Required action: Word for word, set down every line of the entries below from the line with "6485 Thurber Road" to the line with "2004 Cadillac Escalade", including both, and no other line.

[Source records]
****

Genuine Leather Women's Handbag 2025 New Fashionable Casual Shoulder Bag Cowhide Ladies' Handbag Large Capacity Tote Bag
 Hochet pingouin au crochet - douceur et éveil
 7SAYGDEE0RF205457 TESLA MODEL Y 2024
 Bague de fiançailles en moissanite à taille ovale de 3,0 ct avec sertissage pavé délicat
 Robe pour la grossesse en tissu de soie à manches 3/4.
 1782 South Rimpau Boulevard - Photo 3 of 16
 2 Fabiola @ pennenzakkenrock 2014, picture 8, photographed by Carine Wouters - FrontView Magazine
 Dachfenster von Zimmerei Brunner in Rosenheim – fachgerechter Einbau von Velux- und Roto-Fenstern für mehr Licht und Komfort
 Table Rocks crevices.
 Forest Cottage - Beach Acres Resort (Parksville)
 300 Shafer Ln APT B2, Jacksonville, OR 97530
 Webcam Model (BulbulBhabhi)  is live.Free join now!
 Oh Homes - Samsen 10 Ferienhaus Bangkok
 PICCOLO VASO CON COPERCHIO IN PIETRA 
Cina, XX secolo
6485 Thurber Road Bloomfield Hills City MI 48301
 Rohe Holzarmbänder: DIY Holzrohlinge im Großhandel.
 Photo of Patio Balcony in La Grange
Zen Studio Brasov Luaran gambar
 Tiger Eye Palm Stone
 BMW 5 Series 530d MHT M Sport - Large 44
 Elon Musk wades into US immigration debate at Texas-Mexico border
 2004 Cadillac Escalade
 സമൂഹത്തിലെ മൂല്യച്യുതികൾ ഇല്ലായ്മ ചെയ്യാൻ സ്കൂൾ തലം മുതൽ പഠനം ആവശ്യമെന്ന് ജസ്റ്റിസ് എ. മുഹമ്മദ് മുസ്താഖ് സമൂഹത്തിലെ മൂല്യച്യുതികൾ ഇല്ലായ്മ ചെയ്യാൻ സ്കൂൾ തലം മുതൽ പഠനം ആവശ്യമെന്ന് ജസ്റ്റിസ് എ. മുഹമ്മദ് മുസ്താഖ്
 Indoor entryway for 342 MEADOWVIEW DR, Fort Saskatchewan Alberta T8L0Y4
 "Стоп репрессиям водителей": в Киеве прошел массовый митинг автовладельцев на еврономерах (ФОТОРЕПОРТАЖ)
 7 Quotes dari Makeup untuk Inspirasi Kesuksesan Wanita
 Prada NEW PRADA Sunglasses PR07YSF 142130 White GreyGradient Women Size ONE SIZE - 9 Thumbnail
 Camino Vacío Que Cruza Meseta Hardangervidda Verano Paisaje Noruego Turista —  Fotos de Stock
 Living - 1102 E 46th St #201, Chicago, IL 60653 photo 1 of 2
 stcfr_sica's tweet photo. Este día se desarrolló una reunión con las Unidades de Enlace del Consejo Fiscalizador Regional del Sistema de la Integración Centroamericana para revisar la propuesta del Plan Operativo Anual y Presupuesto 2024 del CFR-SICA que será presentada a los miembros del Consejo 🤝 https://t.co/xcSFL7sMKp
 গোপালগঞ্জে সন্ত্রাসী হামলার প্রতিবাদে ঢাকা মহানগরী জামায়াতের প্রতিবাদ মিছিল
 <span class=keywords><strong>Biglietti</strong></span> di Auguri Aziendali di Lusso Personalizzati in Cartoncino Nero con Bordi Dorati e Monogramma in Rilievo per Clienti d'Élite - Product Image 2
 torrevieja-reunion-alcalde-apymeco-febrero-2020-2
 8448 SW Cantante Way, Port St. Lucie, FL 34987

****

Reply to the exercise:
6485 Thurber Road Bloomfield Hills City MI 48301
 Rohe Holzarmbänder: DIY Holzrohlinge im Großhandel.
 Photo of Patio Balcony in La Grange
Zen Studio Brasov Luaran gambar
 Tiger Eye Palm Stone
 BMW 5 Series 530d MHT M Sport - Large 44
 Elon Musk wades into US immigration debate at Texas-Mexico border
 2004 Cadillac Escalade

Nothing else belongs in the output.